Video: A Time-Saving Shortcut For Retorquing Copper Head Gaskets

With the extreme boom in popularity of MLS head gaskets in the past decade or so, copper head gaskets — and their associated quirks — have started to fall from the forefront of everyone’s minds. However, copper head gaskets are still very much in use both by traditionalists who’ve always used them, and in extreme power applications.

As mentioned, solid copper head gaskets do have some quirks to contend with, one of which is retorquing the cylinder head fasteners after the first heat cycle of the engine. While that might not seem like a big deal, when the engine goes straight from the engine stand to the car, and gets its first run in actually in the car, retorquing the cylinder head fasteners can be a time-consuming process.

To combat this, the team at Alex Taylor Racing came up with an interesting solution to the heat-cycling issue, without actually running the engine inside or outside of the car.

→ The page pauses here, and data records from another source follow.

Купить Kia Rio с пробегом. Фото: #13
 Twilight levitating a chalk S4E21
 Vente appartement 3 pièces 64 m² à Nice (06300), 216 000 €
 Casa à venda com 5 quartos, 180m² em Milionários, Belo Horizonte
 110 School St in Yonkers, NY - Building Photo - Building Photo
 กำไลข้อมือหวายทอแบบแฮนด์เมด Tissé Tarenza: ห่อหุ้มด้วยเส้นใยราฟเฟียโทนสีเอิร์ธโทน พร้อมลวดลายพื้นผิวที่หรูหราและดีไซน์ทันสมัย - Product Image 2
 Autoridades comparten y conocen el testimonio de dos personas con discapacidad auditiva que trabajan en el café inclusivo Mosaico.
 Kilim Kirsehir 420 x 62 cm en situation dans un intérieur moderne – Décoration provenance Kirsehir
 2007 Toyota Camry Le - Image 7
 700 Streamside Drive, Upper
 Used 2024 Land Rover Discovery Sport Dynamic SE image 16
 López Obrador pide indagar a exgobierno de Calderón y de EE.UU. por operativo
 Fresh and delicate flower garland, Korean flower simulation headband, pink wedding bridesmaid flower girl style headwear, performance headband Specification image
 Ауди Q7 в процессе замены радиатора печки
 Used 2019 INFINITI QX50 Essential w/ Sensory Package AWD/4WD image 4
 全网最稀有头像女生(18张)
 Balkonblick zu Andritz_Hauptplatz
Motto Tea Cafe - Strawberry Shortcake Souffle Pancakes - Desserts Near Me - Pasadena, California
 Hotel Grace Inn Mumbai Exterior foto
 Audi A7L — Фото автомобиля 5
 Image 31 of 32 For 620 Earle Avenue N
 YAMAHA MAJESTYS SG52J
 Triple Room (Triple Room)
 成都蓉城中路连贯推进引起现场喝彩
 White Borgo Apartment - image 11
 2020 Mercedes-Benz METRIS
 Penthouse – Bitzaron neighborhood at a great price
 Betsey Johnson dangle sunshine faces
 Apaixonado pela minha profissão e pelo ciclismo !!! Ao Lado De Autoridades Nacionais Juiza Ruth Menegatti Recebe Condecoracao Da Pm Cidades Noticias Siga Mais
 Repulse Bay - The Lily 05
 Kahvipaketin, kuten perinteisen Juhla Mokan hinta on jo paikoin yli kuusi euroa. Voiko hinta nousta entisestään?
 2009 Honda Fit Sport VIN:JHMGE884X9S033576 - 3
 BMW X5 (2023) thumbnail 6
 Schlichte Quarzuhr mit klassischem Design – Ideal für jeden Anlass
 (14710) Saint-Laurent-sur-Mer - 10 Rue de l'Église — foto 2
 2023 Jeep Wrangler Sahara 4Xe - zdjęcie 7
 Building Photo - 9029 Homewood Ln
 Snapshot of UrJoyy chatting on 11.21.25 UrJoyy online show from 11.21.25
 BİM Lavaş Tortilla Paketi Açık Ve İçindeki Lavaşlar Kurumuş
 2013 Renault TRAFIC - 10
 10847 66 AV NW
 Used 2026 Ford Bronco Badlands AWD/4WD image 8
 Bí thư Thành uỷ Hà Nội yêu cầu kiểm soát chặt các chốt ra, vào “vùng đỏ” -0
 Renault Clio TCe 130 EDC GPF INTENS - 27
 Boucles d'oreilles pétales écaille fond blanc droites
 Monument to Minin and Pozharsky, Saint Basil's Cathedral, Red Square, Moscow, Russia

Besides allowing for an easy retorquing process outside of the engine bay, it also allows all of the “break-in” of a new engine to happen entirely in the car.

While Alex Taylor, driver of the “Badmaro” a low-eight-second ’68 Camaro which has competed in Drag Week, admits that this method bucks the conventional way of performing an initial heat cycle, the fact that it works should speak for itself.

The setup created by Taylor uses an electric belt sander motor to drive the mechanical water pump, and a gas crucible to heat the water. An electric water pump and a propane turkey fryer would accomplish the same thing.

Starting with an old belt sander motor, Dennis Taylor (Alex’s dad and crew chief) ran a belt from the engine’s water pump pulley to the electric motor, to move water through the engine while it was on the stand. The water flows through the engine from a five-gallon metal drum, sitting atop a heat source — in this case, a casting crucible.

The heat source brings the water to the boiling point of 212 degrees and then moves the heated water through the engine on the stand, with a surprisingly high amount of heat transfer (an absolute variance of only 12 degrees between the source water and the final engine temperature).

Once the engine is up to temp and held there for a bit, the heat is removed and the water continuously circulated until it returns to ambient temp. Once that happens, the head fasteners are retorqued in sequence, and the engine can undergo final assembly and be installed in the car.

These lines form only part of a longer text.